In the early 1950s, my parents treated my brother and me to many unforgettable summer nights when we attended the American Savoyards’ performances of Gilbert and Sullivan operettas at Monmouth’s fantastic Cumston Hall. I am sure young boys would not develop a lifelong fascination with those Victorian musicals if it had not been reinforced by a spectacular setting for the shows. That setting was Cumston Hall’s unique and ornate small-scale opera house.

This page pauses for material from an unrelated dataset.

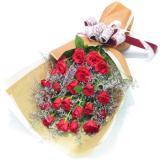 鲜花:红色玫瑰24枝,情人草点缀,土黄色纸单面包装,丝带花装饰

It was the multi-talented Harry Hayman Cochrane who built and decorated that hall. While such an accomplishment is remarkable by itself, Cochrane’s work over his lifetime (1860 to 1946) is astonishing. Over a period of 60 years, he was commissioned to decorate about 400 public buildings in Maine and New England. They included churches, parish halls, convents, banks and courthouses.
Monmouth was Cochrane’s hometown. He attended Monmouth Academy and he grew up there under the guidance of his grandparents. He married Ida Lorena Gott of Monmouth in 1887.
In 1899, it was announced by Dr. Charles Cumston, longtime headmaster of Boston English High School who had retired to Monmouth, that he would give his town a community hall which would house town offices, a town meeting hall, a public library, and an auditorium. Cumston entrusted the entire job to Cochrane, even though Cochrane had never designed a building before.
According to a history of the building published by the Cumston Public Library, Cochrane was given free rein over the project.
“Cochrane transformed the proposed town hall into a grand Romanesque Revival structure with opera hall, library, caucus room, and town office all in one,” it said. “He designed and executed the plaster ornamentation, the stained glass windows, the stenciling and murals, the molding of the exterior and interior wood trim, and the color schemes. To cap his achievement, for dedication day in 1900, he composed the music and conducted the orchestra for the event.”
The history said, “Much of the Cumston theater’s charm is due to the cherubic frescoes Cochrane himself painted on the ceiling, and to his carving and hand-molded plaster work on the walls, boxes and proscenium arch.”
Perhaps Cochrane’s most spectacular mural project would be the 1927 decoration of the Kora Shrine Temple in Lewiston. There, his floor-to-ceiling murals of exciting Arabic scenes with Masonic themes surround the ceremonial halls.
These examples of Cochrane’s artistic genius are only a part of his exceptional talent. A story in the May 1, 1949, Portland Sunday Telegram Magazine describes many more achievements of this man.
In 1898, he won first prize in a competition to decorate the convention halls and rooms for the huge Knights Templar triennial conclave in Pittsburgh.
His most famous painting may be “The Man on Horseback,” which depicts Bishop Francis Asbury, a colonial circuit riding preacher, on a horse struggling to cross a stream in the forest. It is said the preacher once spoke from the doorway of a Monmouth home to a gathering of 6,000 people.
Cochrane wrote a two-volume history of Monmouth and Wales, and in 1914, Bates College awarded him an honorary Master of Arts degree.
Many churches, including Methodist churches in Leeds and Monmouth, have murals on the sanctuary walls. Auburn’s First Universalist Church of Auburn does, as does the High Street Methodist Church where my family attended services for many years.
A true Renaissance man, he was a prolific poet, and an accomplished singer, composer, and conductor. He was appointed in 1920 by Gov. Carl E. Milliken to be chairman of the Maine Centennial Committee. That year he was commissioned to design the State of Maine Centennial Coin. He went to Washington, D.C., to receive from the U.S. Mint, still hot, the first of those half-dollars.
Cochrane also wrote and produced a motion picture called “The Romance of Maine,” and his hymn, “Prince of Peace,” is still sung in Monmouth churches.
In addition to all this, he established his own photographic studio in Gardiner and it is said he worked with the Stanley brothers of Stanley Steamer fame when they developed dry plate photography.
Fortunately, Cochrane’s remarkable Cumston Hall has been fully restored and it is home to Shakespearean and other plays by the Theater at Monmouth each summer and by Monmouth Community Players and others through the year.